= Ruxton Island =

Island in British Columbia, Canada

Ruxton Island (population 10) is one of the six islands in the De Courcy Islands group. It is one of the southern Gulf Islands in British Columbia. It is due south-east of DeCourcy Island, being separated by Ruxton Passage.

In 1887, there was a land rush on the DeCourcey group of islands, sparked by the prospect of a coal seam running to them from Nanaimo. William Flewett of London, England bought up the remainder of DeCourcey Island, and Ruxton Island (then called Flewett’s Island). Only small coal deposits were ever discovered, though efforts to find a workable vein continued for several years.

Ruxton Island also has some loose historical connections to Brother XII.

Ruxton Island is home to approximately seven year round cabins and 110 seasonally occupied cabins.

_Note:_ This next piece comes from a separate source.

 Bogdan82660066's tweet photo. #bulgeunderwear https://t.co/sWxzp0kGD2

The island is composed primarily of sandstone. At the north end is Ruxton Passage, which separates Ruxton Island and De Courcy Island. At the southern end is Whaleboat Passage which separates Ruxton from Pylades.

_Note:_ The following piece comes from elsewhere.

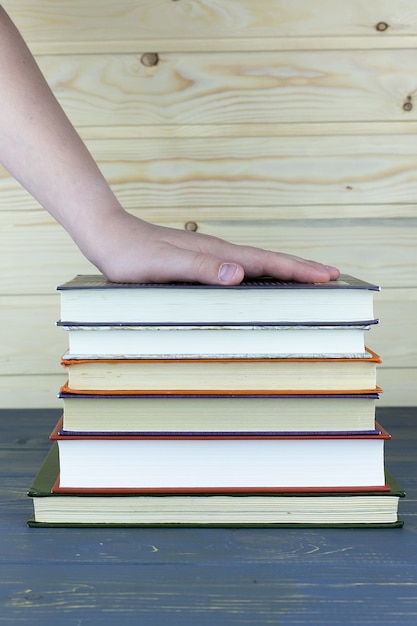 Een stapel boeken met bibliotheek op het achterbehang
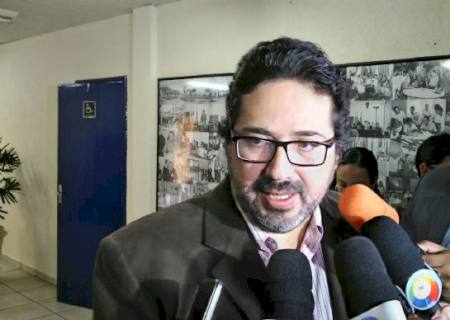 Renúncia inédita é estratégia para tirar Olarte da prisão, diz defesa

The island is forested with Douglas fir, balsam fir, red cedar, maple, vine maple, arbutus, shore pine, Garry oak, Red Alder and willow trees.

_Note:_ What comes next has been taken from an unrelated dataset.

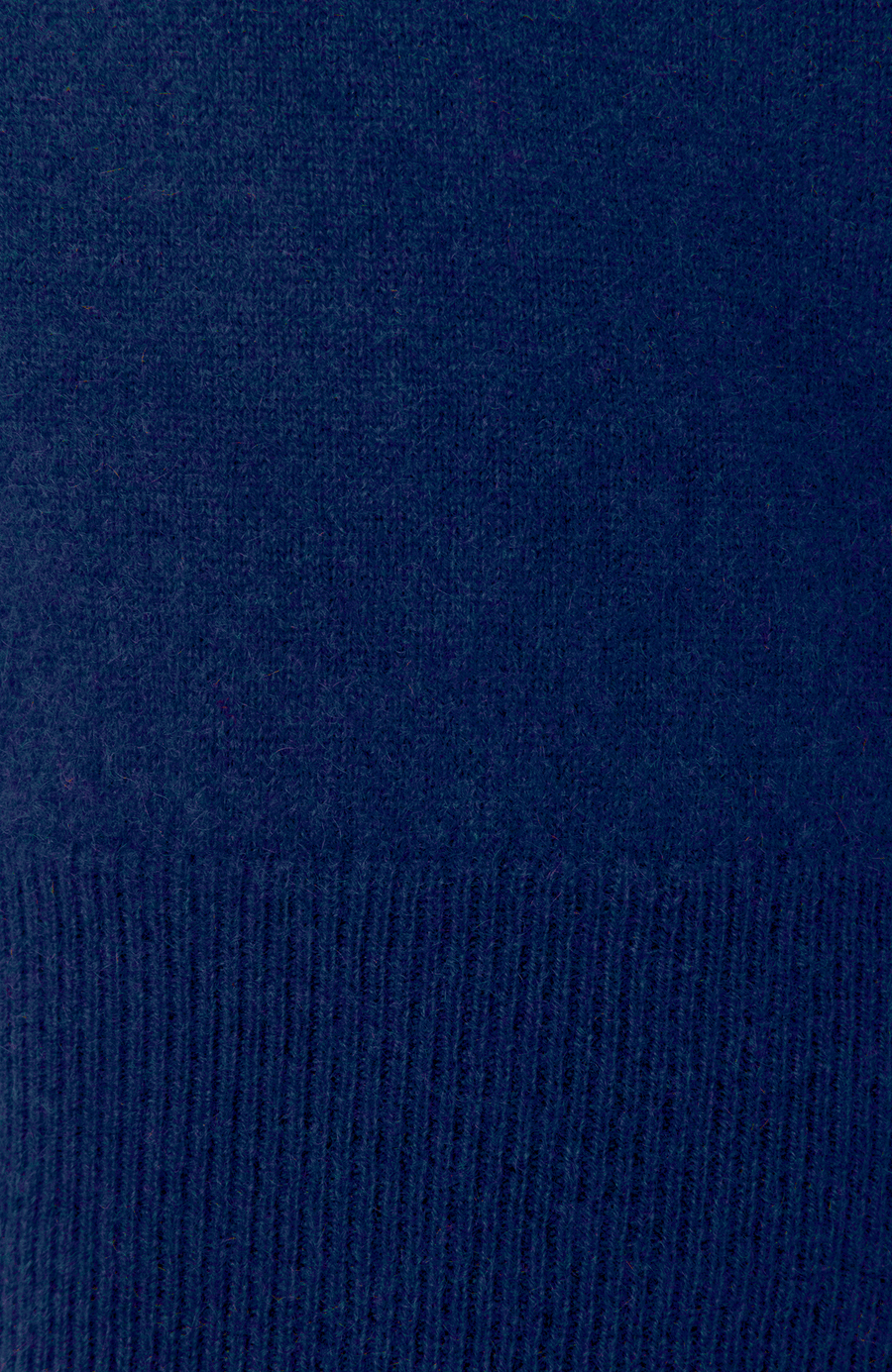 Detailaufnahme des Kaschmirpullovers „Nio2.0-WS“ von Frauenschuh in der Farbe Alaska Blue; im Fokus steht der fein gerippte Saumbund sowie die weiche, dicht gestrickte Oberfläche des hochwertigen Kaschmirgarns; die Struktur wirkt gleichmäßig und luxuriös, mit natürlichem Glanz und hervorragender Verarbeitungsqualität – ideal für Premium-Herbst- und Wintermode mit alpiner Herkunft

There are approximately 12 km of trails.

The few mammals that inhabit the island include otters, mink, Douglas squirrels, mice, and a few homo sapiens.

The entrance to Herring Bay is marked at the north west corner, and entrance to Herring bay should be made between this marker and the small islet to the east. At low tide, the reef, which dries out at anything except high tide, extends several hundred yards to the south east. The reef continues underwater and is frequently hit by visiting vessels. This islet was recently named "Long Point" in honour of Ted Long, who was resident here for many years.

There is a smaller bay located about halfway down the island on the west side, locally known as Nayler Bay, after the Nayler family who sold the island to Frank Ney (former mayor of Nanaimo, B.C.) who in turn developed the island into the current 199 privately owned lots. Typical waterfront properties are roughly 1/2 an acre in size, and the inside lots are roughly 2 acres in size.

There is a wetland in the middle of the island which is roughly 10 acres in size. Canada Geese usually nest in this wetland, and many pairs may be seen during their visiting season. Numerous smaller waterfowl and frogs inhabit the wetland year round.

North Bay and Otter Bay are located at the north and east sides of Ruxton Island respectively.